I updated the code to:

//get the first entry from the result
$row = mysql_fetch_array($result);

$find = array("$student","$make");
$replace = array($student,$make);

echo str_replace($find,$replace,$row['end']);

but it still does not replace the variables.  The result is still:

I certify that $student has satisfactorily completed the test for the $make.

any more suggestions?

 

[phpSensei]

I updated the code to:

//get the first entry from the result
$row = mysql_fetch_array($result);

$find = array("$student","$make");
$replace = array($student,$make);

echo str_replace($find,$replace,$row['end']);

but it still does not replace the variables.  The result is still:

I certify that $student has satisfactorily completed the test for the $make.

any more suggestions?

 

 

 

I forgot to add slashes

 

try

 

<?php
// Connect to server and select databse.
mysql_connect("*******", "*****", "******")or die("cannot connect"); 
mysql_select_db("*****")or die("cannot select DB");

//get data
$make=$_POST['make'];
$lic = $_POST['lic'];
$student=$_POST['student'];

$sql = "SELECT * FROM Endorsements WHERE lic='$lic'";
$result=mysql_query($sql) or die(mysql_error());

//get the first entry from the result
$row = mysql_fetch_array($result);

$replace = array("\$student","\$make");
$with = array($student,$make);

echo str_replace($replace, $with, $row['end']);
?>

[papaface]

I suggest you change $student in your database to *student* to make things easier in the future.

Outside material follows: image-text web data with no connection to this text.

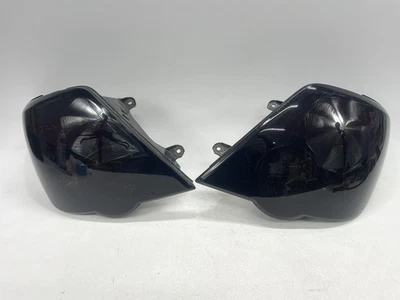 Luces traseras para conductor pasajero Subaru Impreza WRX 2006 2007 vagón OEM tinte ahumado Foto 1 de 4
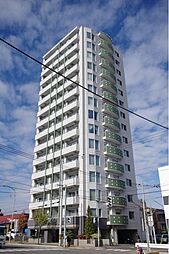 札幌市豊平区平岸五条９丁目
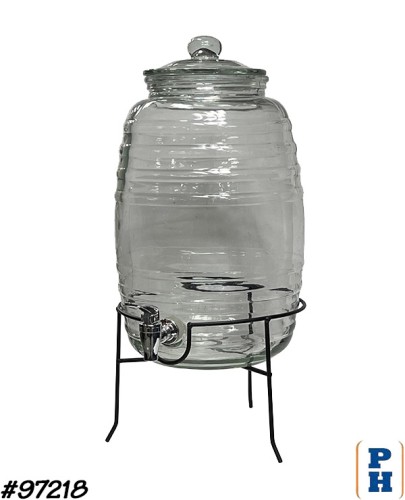 Drink Dispenser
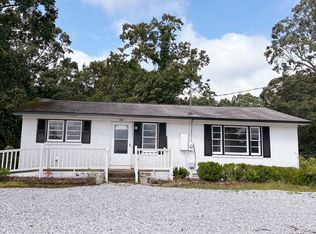1463 Beacon Light Rd, Hartwell, GA 30643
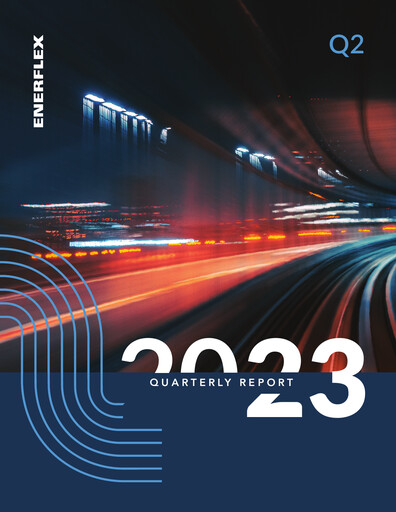 Thumbnail Enerflex Quarterly Report 2023-q2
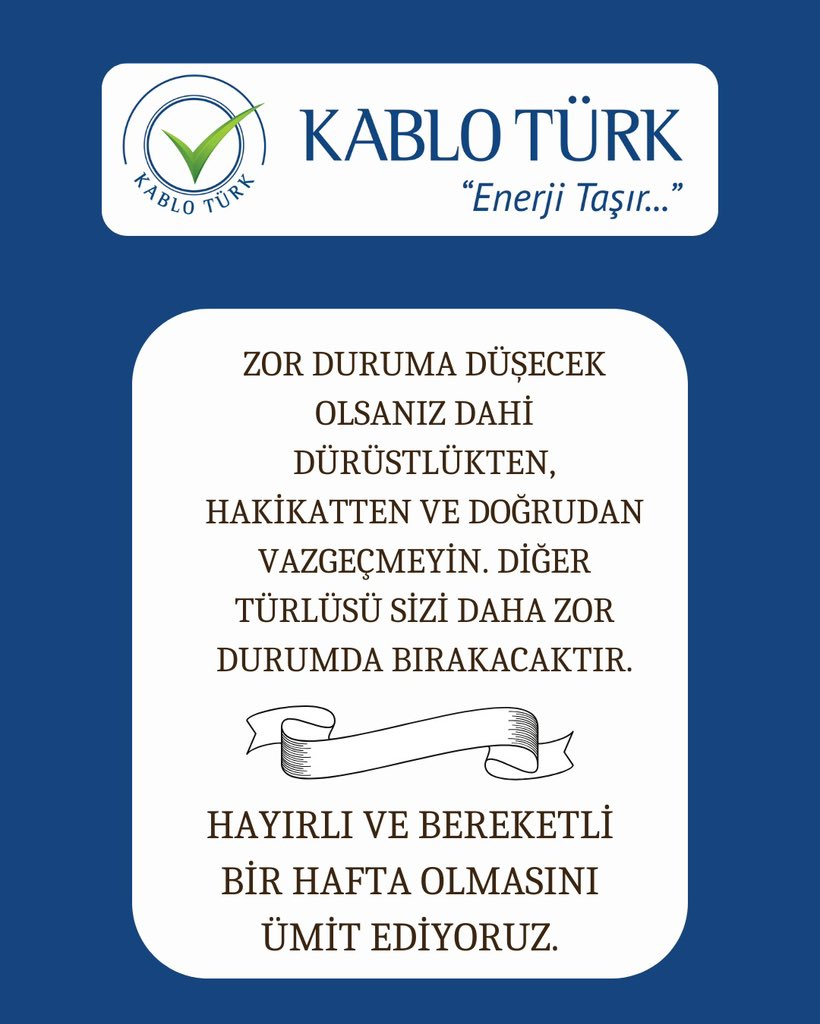 Kablo Türk 🇹🇷 tweet media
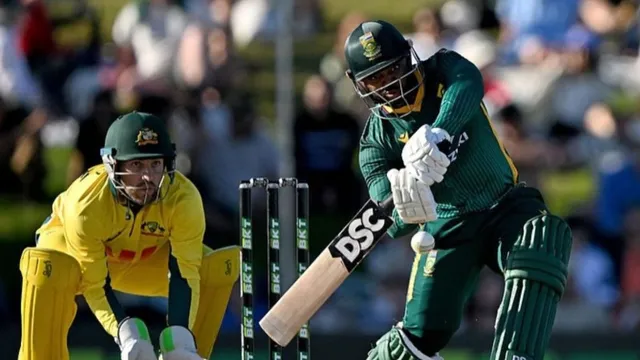 temba-bavuma-not-playing-today-australia-mens-cricket-team-vs-south-africa-national-cricket-team-match-scorecard-aiden-markram-bavuma-fitness-update-mackay-stadium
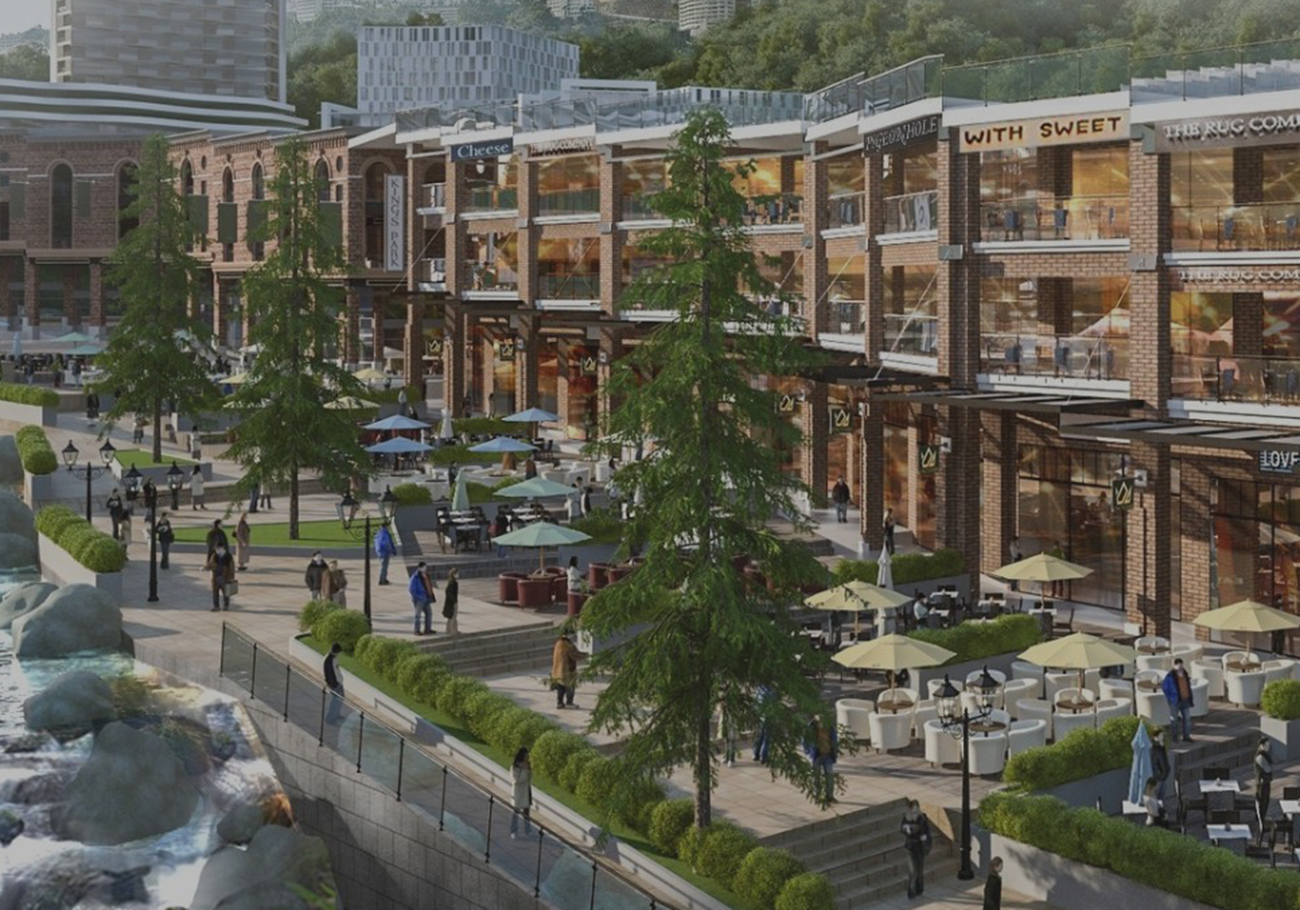 King's Park: A premier development in Genting Highlands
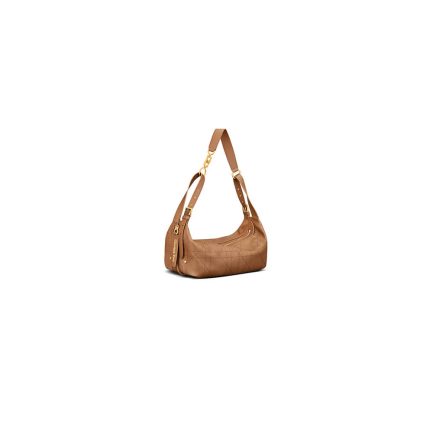 Dior Small D-Journey Bag in Vintage Smooth Calfskin(HIGH-END GRADE)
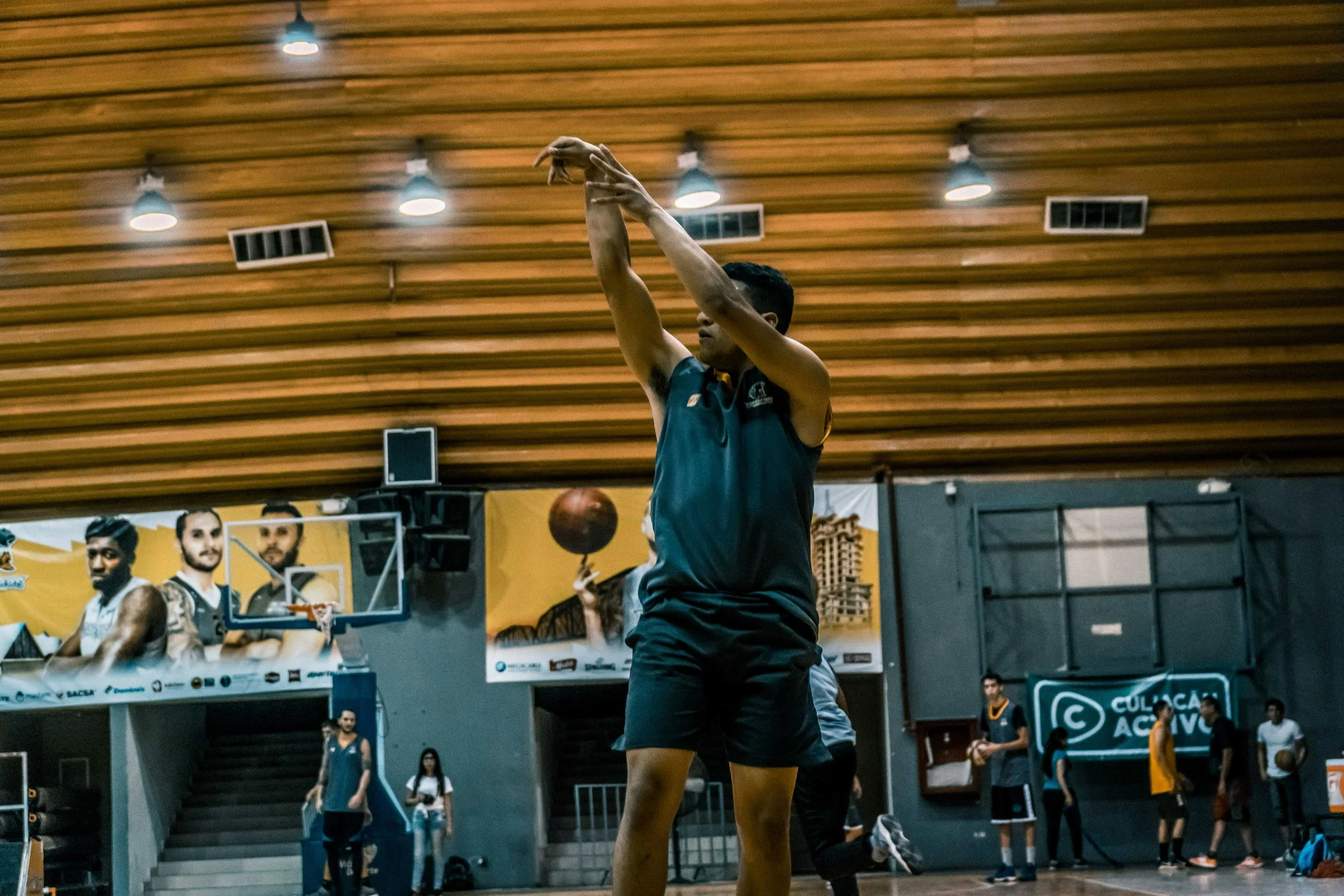 The Secret Top Performers Know About Practice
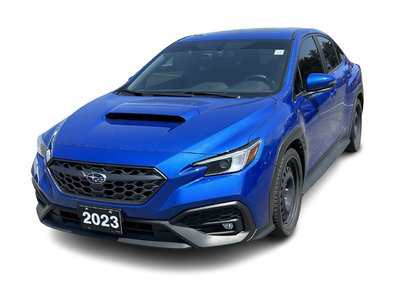 2023 Subaru WRX SPORTECH in Barrie, Ontario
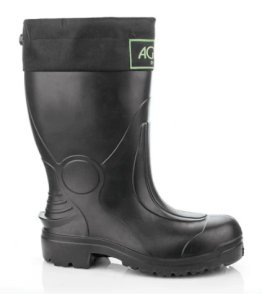 Lemigo Agro Boot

Then I think your code should be:

<?php
// Connect to server and select databse.
mysql_connect("*******", "*****", "******")or die("cannot connect"); 
mysql_select_db("*****")or die("cannot select DB");

//get data
$make=$_POST['make'];
$lic = $_POST['lic'];
$student=$_POST['student'];

$sql = "SELECT * FROM Endorsements WHERE lic='$lic'";
$result=mysql_query($sql);

//get the first entry from the result
while ($row = mysql_fetch_assoc($result))
{
  echo str_replace("*student*", $student,$row["end"]);
}
?>

[ifis]

the second response from phpsensei worked. I have not tried the other code yet, but will.  Thanks again, as usual!